Сомнительно, слышал ли Филипп все, что говорил Отто, во всяком случае, последние его слова. Сильное беспокойство охватило его, и мысли его заняты какими-то мелкими, раздражающими нервы, делами. Поднимает воротник пальто, натягивает шапку на лоб, закутывается в пальто, словно прячется от кого-то, и, наконец, посреди эмоциональной речи Отто, разворачивается и поворачивается спиной к собственному дому. Вместе с ним поворачивается и Отто.
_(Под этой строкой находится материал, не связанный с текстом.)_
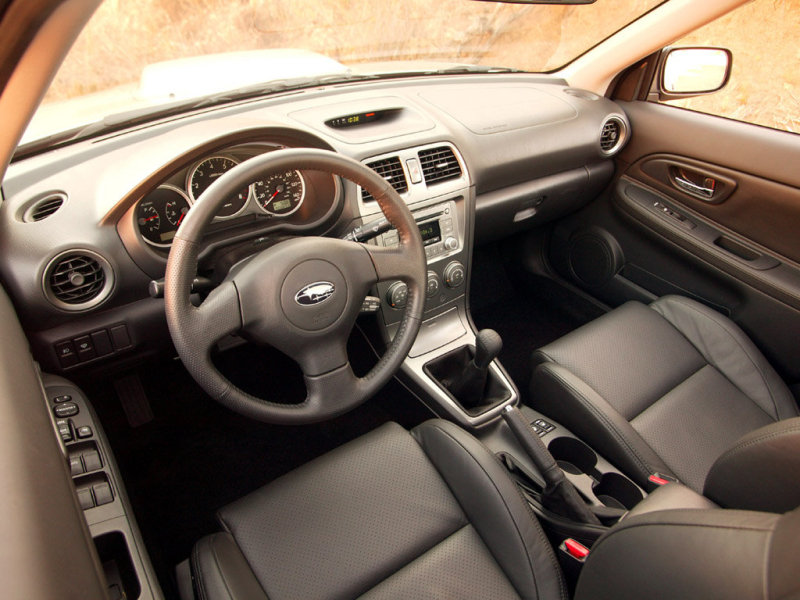 Салон уже обновленной Impreza, мало отличается от предыдущего, но все же различия есть.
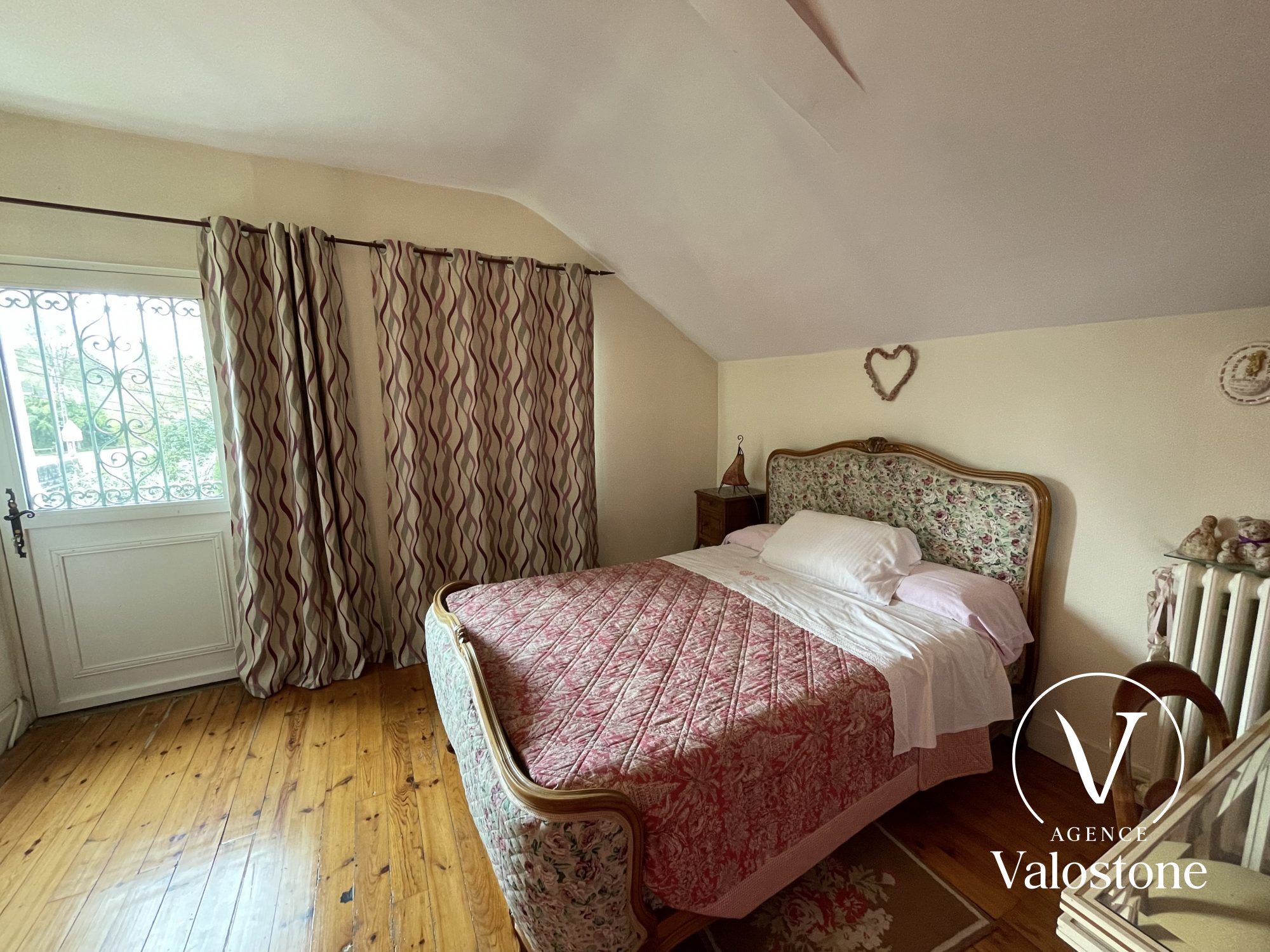 Photo 11 — VALOSTONE INTERNATIONAL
Неожиданно гаснет свет в спальне. Кристина выходит из подъезда. Очевидно, ждать Филиппа свыше ее сил. Прохожие обходят ее, обращаются к ней, она молчит и прижимается к стене. Филипп поворачивается к ней спиной, чувствуя ее взгляд.
– Доктор, вы сегодня сильно нервничаете, – удивляется Отто, не заметивший женщину, стоящую у стены. Множество женщин стоит по вечерам у входа в дома. – Доктор, невозможно с вами серьезно поговорить. Стояние у фонаря вас раздражает. Так прогуляемся немного? – Отто поворачивает голову в сторону квартиры Филиппа, все окна которой погасли. – Доктор, квартира ваша свободна. Пойдемте!
– Ш-ш-ш, – прерывает его Филипп и втягивает голову в воротник своего пальто.
– В чем дело, доктор? Я только сказал, что ваша квартира освободилась. Зайдем в нее, и вам будет удобно.